Local residents Benny Christopher and Sara Baines on Great Keppel Island, Qld. Picture: Justine Walpole
Local residents Benny Christopher and Sara Baines on Great Keppel Island, Qld. Picture: Justine Walpole

The latest rich person to roll up on Great Keppel can afford more than a fancy pen. Her name is whispered through the palms as locals ponder whether Gina Rinehart will become their island’s white knight or yet another false dawn for the resort that hosted its last guest in 2008.

“For Great Keppel I feel this is the last roll of the dice,” says local pizza shop owner Gerry Christie about the Rinehart bid, which would see the construction of more than 800 luxury apartments and villas, an upmarket retail precinct and a 250‑berth marina. “With everything that has happened to this island I just think how lucky we are to have the richest person in Australia wanting to invest more than $2 billion. If Gina can’t do it, it can’t be done. It would future-proof central Queensland for 20 years but more importantly it would catapult all those other island resort owners to start fixing things.”

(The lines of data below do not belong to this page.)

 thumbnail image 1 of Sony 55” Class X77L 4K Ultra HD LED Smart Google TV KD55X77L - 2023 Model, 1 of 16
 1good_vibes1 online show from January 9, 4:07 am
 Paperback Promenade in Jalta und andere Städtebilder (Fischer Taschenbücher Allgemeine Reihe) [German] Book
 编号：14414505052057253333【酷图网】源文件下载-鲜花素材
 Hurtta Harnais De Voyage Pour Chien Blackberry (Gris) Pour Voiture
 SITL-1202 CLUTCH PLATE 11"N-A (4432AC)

When Christie talks about island resort owners “fixing things” he is talking about a string of “shameful secrets” that extend far beyond Great Keppel Island, off the Capricorn Coast at the southern end of the Great ­Barrier Reef. “The terrible truth is that a lot of the Queensland island resorts have been abandoned and are in a disgraceful state of ­dilapidation,” says Geoff Mercer, who has lived on Great Keppel on and off since 1978. He counts them on his fingers: “Great Keppel, Dunk Island, Hinchinbrook, Brampton, South Molle, Lindeman.” He fails to mention abandoned coastal resorts including the Capricorn Resort in Yeppoon or Laguna Quays near Airlie Beach.

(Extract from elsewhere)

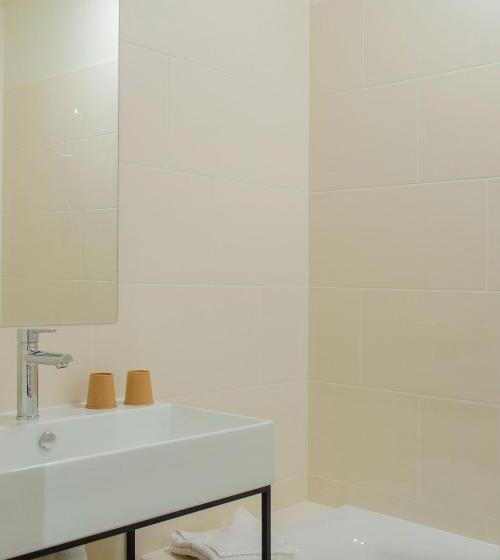 호텔 Imperator Beziers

Ruins of the Great Keppel Resort on Great Keppel Island, Qld. Picture: Justine Walpole
Ruins of the Great Keppel Resort on Great Keppel Island, Qld. Picture: Justine Walpole

All of these former resorts, many once household names, are rotting in the tropical sun, casting a shadow over Queensland’s once-proud image as a tourist mecca for those in search of an island ­paradise. Some have been ravaged by cyclones, others have been forgotten by their ­Chinese, ­Japanese or Australian leasehold owners, and all have been victims of excessive red tape and the intransigence of the Queensland Government, which owns the land upon which the bones of these resorts are rotting. “Ultimately the state government owns the land so they are the landlord and are responsible for finding a solution [because] the Great Barrier Reef islands are ­magnificent, there is nothing like them in the world,” says Mary Carroll, CEO of Capricorn Enterprise, which markets the Capricorn region of central Queensland to tourists.

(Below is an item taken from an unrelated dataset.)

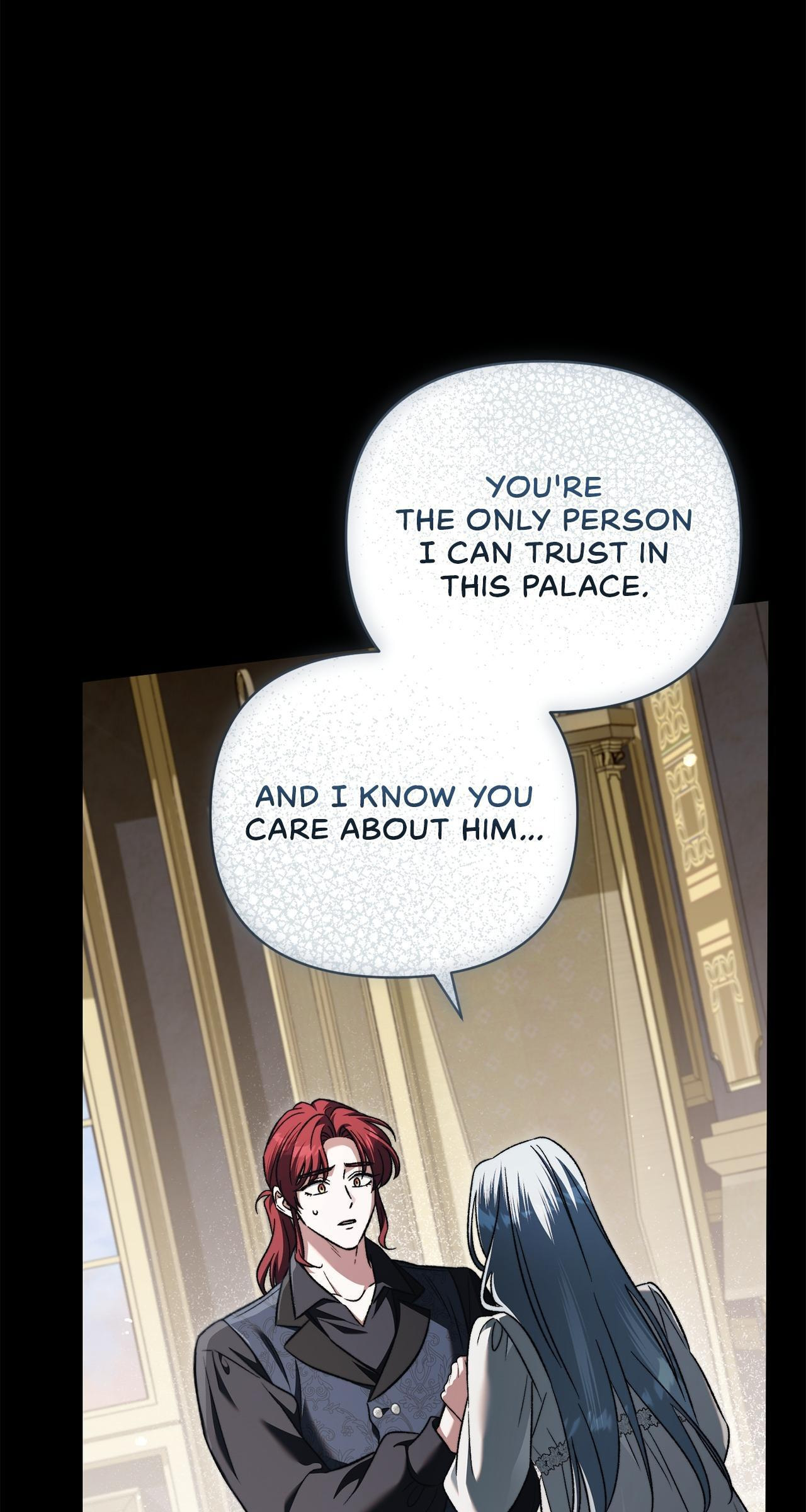 All for My Dearest Juliet Chapter 84 page 56 -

Great Keppel Island. Picture: Anthony Vaughan
Great Keppel Island. Picture: Anthony Vaughan

Amanda Camm, the LNP state member for Whitsunday, shares Carroll’s disgust at the neglect of Queensland’s iconic island resorts. “These islands are unique, they are an incredible natural asset and it’s just appalling that the state government has allowed them to sit there in rack and ruin. They don’t want to take accountability. It’s easier to pretend they are not there.” Camm is one of a growing chorus of voices that hounded the Palaszczuk Government to hold an overdue inquiry into the failures of so many island resorts. That inquiry, which is due to report in August, will look at the role of these ventures in attracting tourists and the obstacles to their success, from costs to red tape to infrastructure.

Queensland tourism minister Stirling Hinchliffe claims the state’s $23 billion tourism industry is bouncing back after the pandemic but admits the island resorts face myriad challenges. “Operating costs are significantly higher than for mainland operators with greater remote workforce expenses on top of electricity generation and potable water infrastructure, waste treatment and removal and reliance on aviation and water transport for food and supplies,” he says. “Natural disasters such as cyclones and higher insurance costs have also impacted island resorts.”

Finding a solution is complicated by the fact they are so different. A number, such as the large ­Hamilton Island Resort and luxury properties on Lizard and Hayman islands, are thriving. Direct air connections give Hamilton the large tourist numbers needed to justify the costs while those resorts that offer extreme luxury attract a smaller super-wealthy and celebrity crowd that can afford to pay over-the-top prices to keep them viable. But elsewhere, the story is grim. Brampton Island resort has been closed since 2010 when it was bought by United Petroleum, owned by ­Australian businessmen Avi ­Silver and Eddie Hirsch, and it has been left to rot. South Molle Island resort has sat dormant since Cyclone ­Debbie destroyed it in 2017; its ­Chinese owners, China Capital Investment Group, have been ­sitting on the abandoned ­property. Dunk Island has been empty since Cyclone Yasi struck in 2011. Its Australian owner, Linc Energy founder Peter Bond, bought it in 2012 and has tried unsuccessfully to sell it several times. Lindeman Island resort has been closed since it too was hit by Cyclone Yasi; Chinese ­company White Horse Group purchased it in 2012 but has not redeveloped it.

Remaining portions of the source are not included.